» Directions: Print every line from the start of the data, and when you reach the line with "手串/手链檀香紫檀（小叶紫檀）12", include it and stop. Pictures are not part of the copy.

» Material provided:
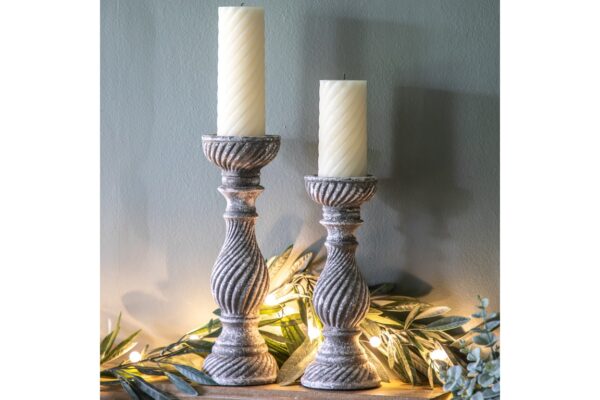 DF-GAL-5059413765933-featured Amesbury Candlestick Aged Small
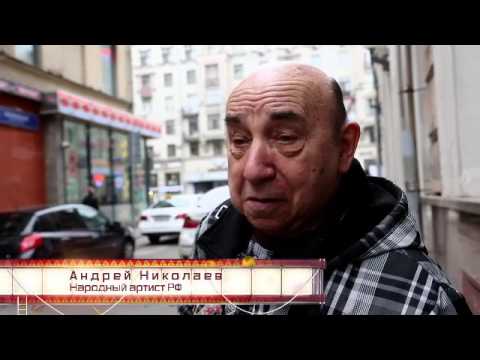 «Легенды Цирка с Эдгардом Запашным» - №29 - Клоун Андрей Николаев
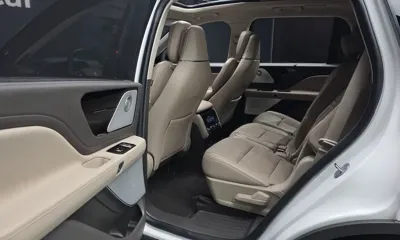 Lincoln Aviator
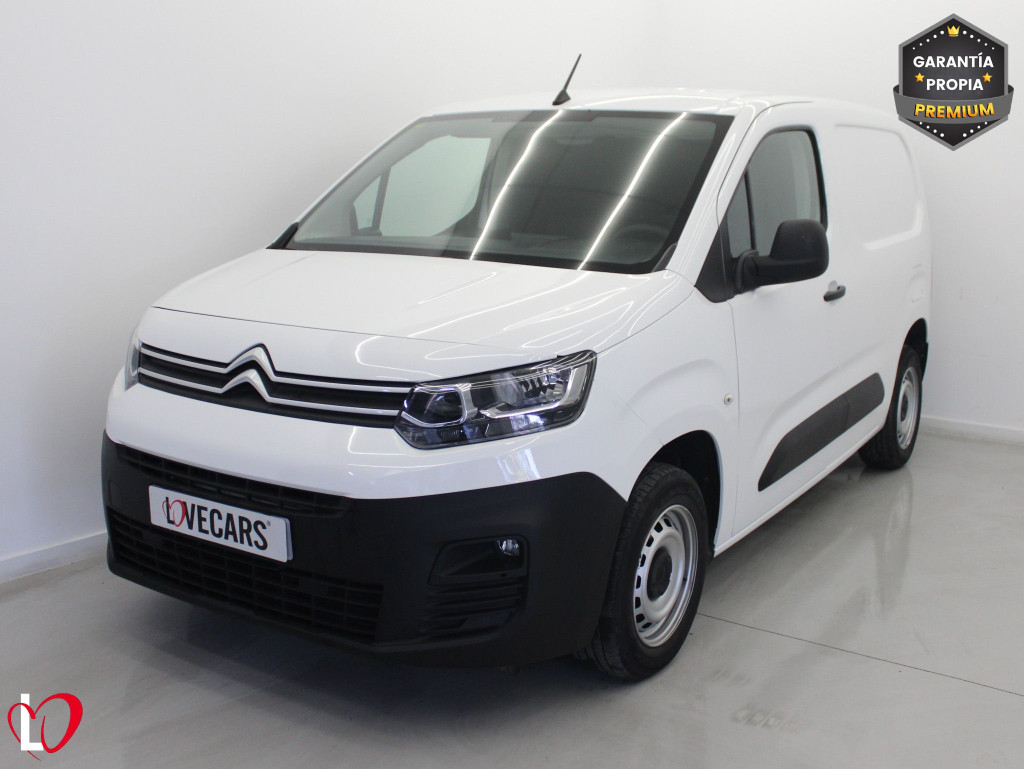 CITROEN BERLINGO Talla M BlueHDi 100 CONTROL de segunda mano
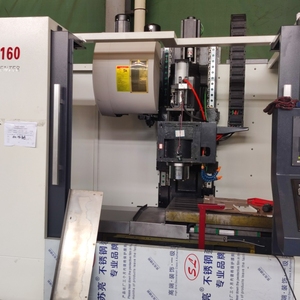 Centre de fraisage CNC à grande vitesse CNC à vendre - Product Image 4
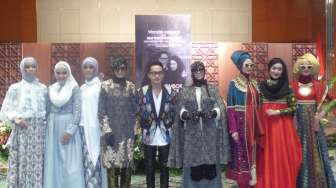 Tiga Desainer Usung Keindahan Lombok ke New York Fashion Week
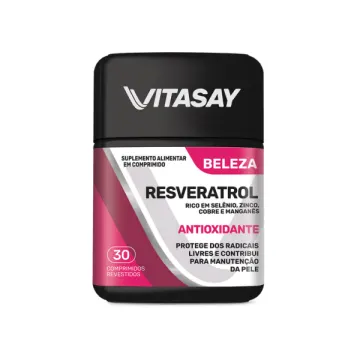 Vitasay Resveratrol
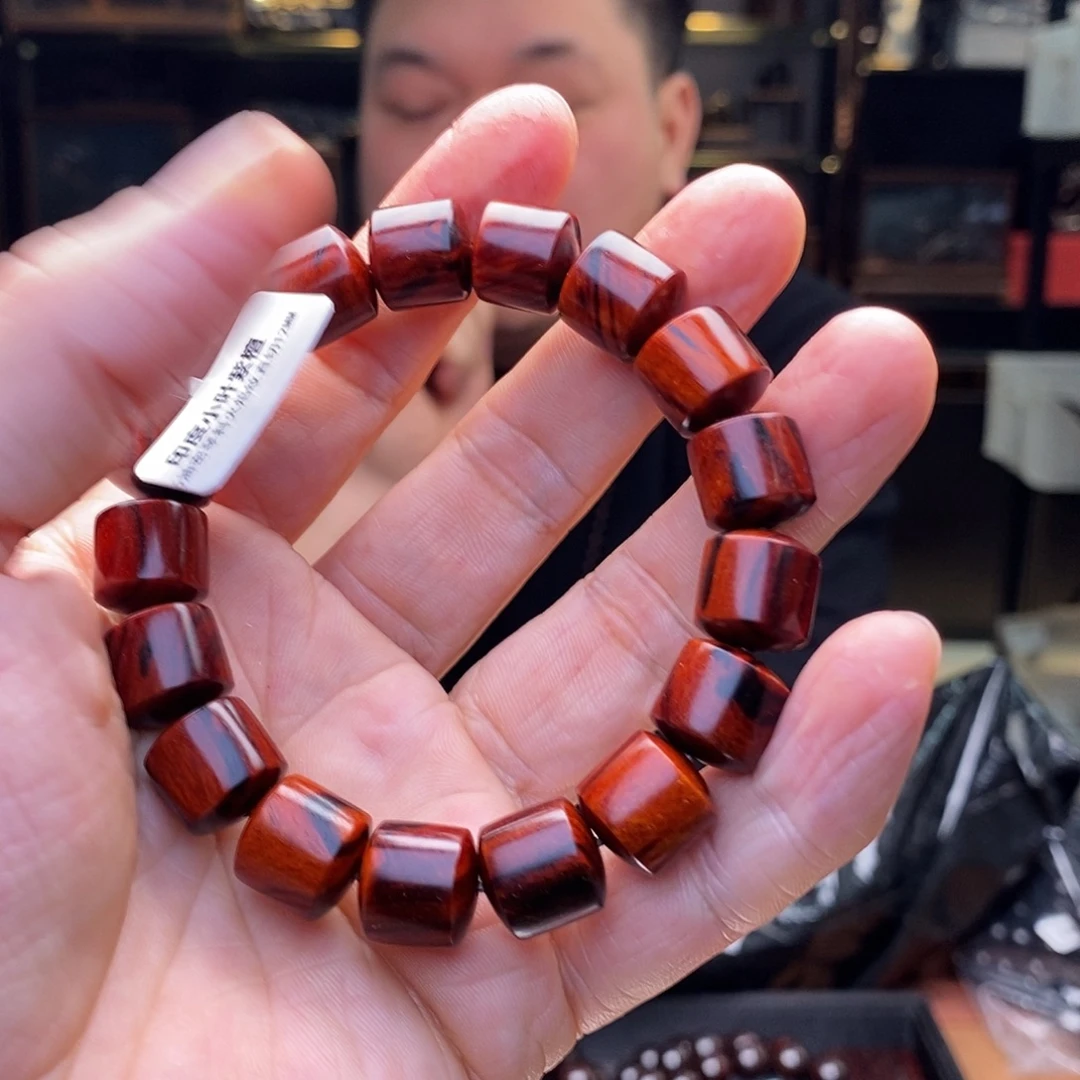 手串/手链檀香紫檀（小叶紫檀）12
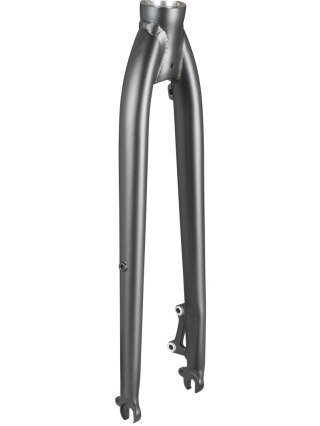 Trek X700 Aluminum Fork 305mm, 45mm Czarny Dnister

» Answer to this problem:
 DF-GAL-5059413765933-featured Amesbury Candlestick Aged Small
 «Легенды Цирка с Эдгардом Запашным» - №29 - Клоун Андрей Николаев
 Lincoln Aviator
 CITROEN BERLINGO Talla M BlueHDi 100 CONTROL de segunda mano
 Centre de fraisage CNC à grande vitesse CNC à vendre - Product Image 4
 Tiga Desainer Usung Keindahan Lombok ke New York Fashion Week
 Vitasay Resveratrol
 手串/手链檀香紫檀（小叶紫檀）12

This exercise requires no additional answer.